### Problem requirements
As written and without pictures, set down the lines from the one that contains "Sterling Silver Totem Pole Bar Pin - image 1" through the end of the data.

### Given entries
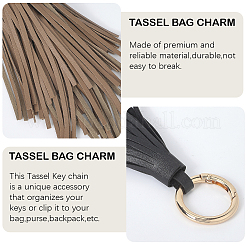 2Pcs 2 Colors PU Leather Tassel Pendan Keychains&nbsp;FIND-CL0001-88A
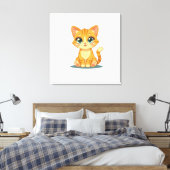 Toile **Cute Cartoon Cat – Adorable Kitty Illustration** (Insitu(Chambre))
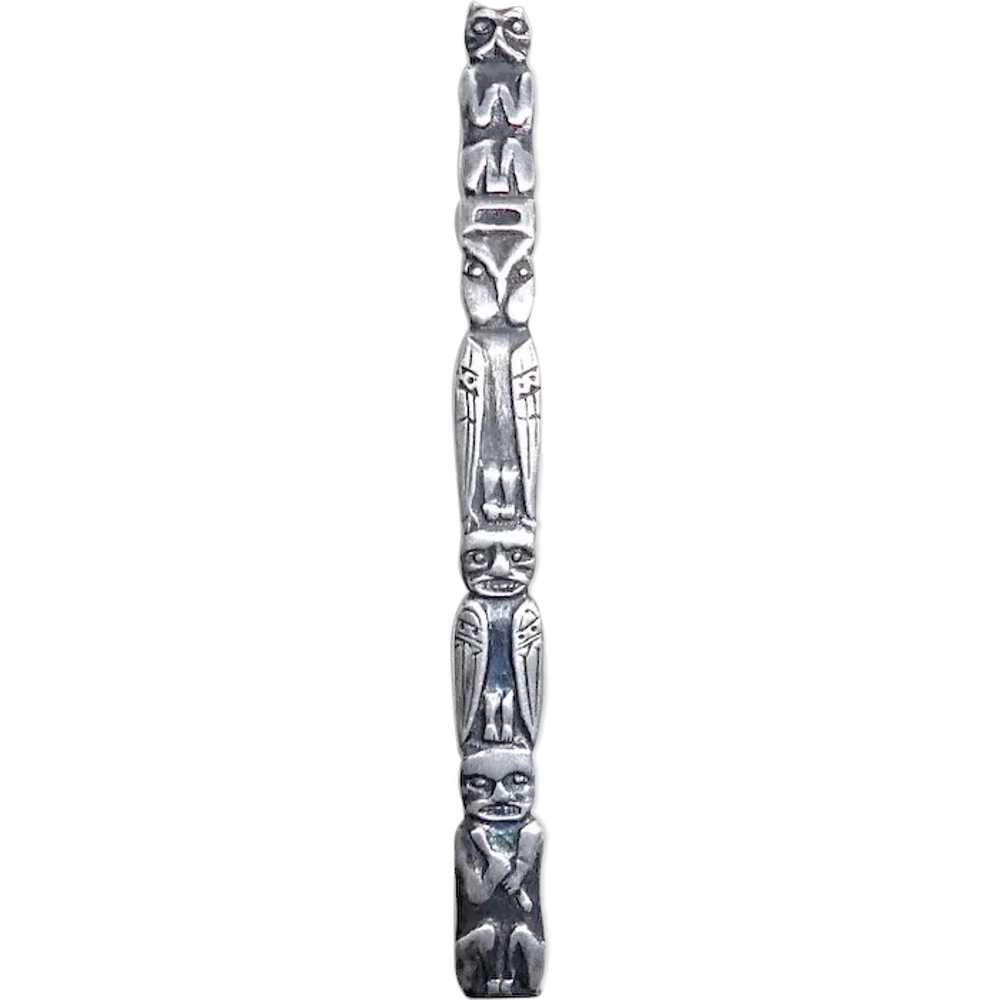 Sterling Silver Totem Pole Bar Pin - image 1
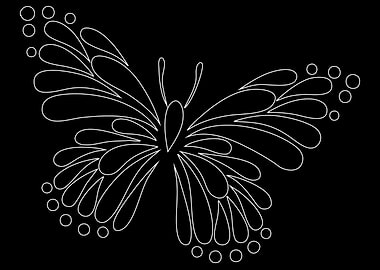 White Butterfly Outline on Black Background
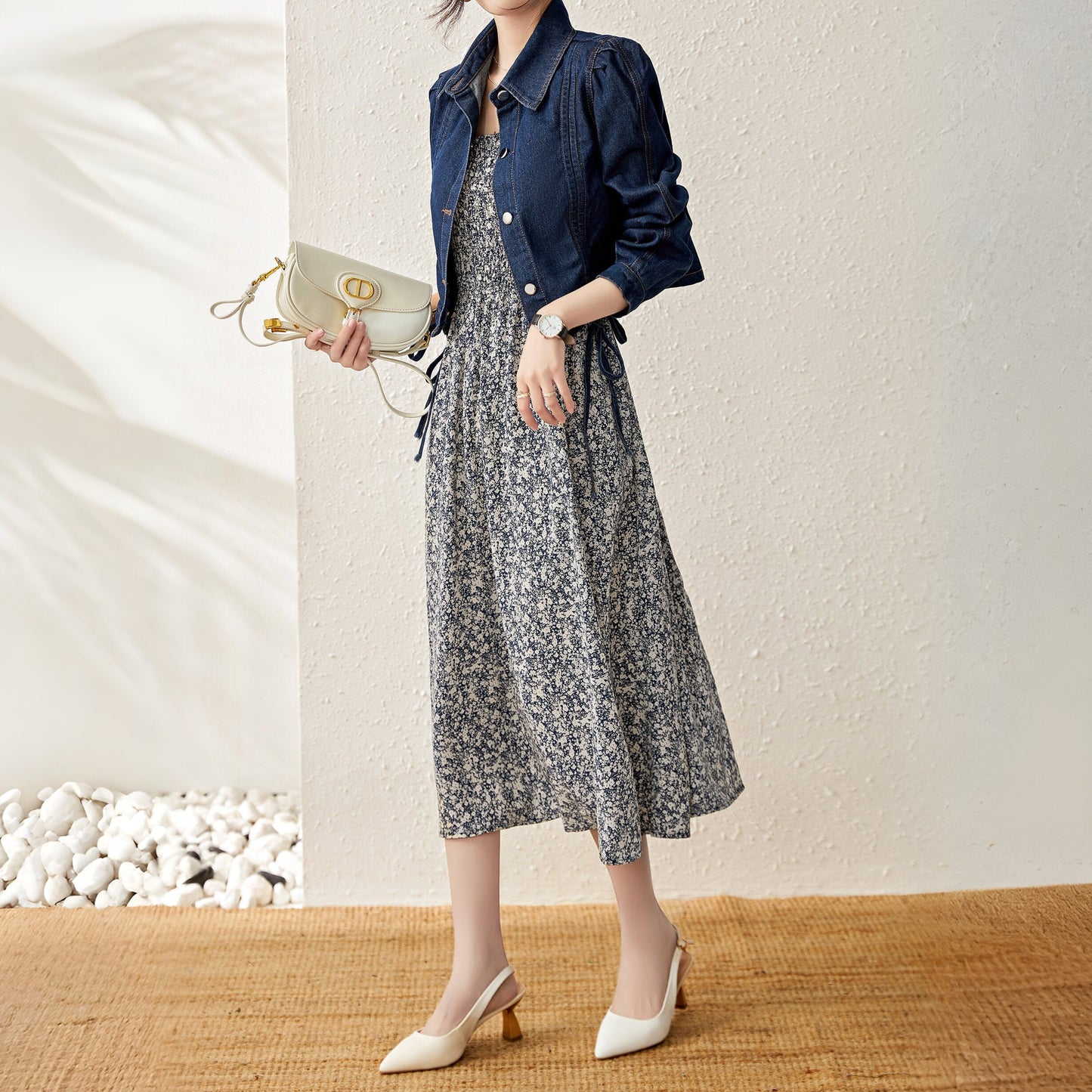 Peyton 2 piece set denim jacket with chiffon spaghetti strap gathered printed dress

### The completed task
 Sterling Silver Totem Pole Bar Pin - image 1
 White Butterfly Outline on Black Background
 Peyton 2 piece set denim jacket with chiffon spaghetti strap gathered printed dress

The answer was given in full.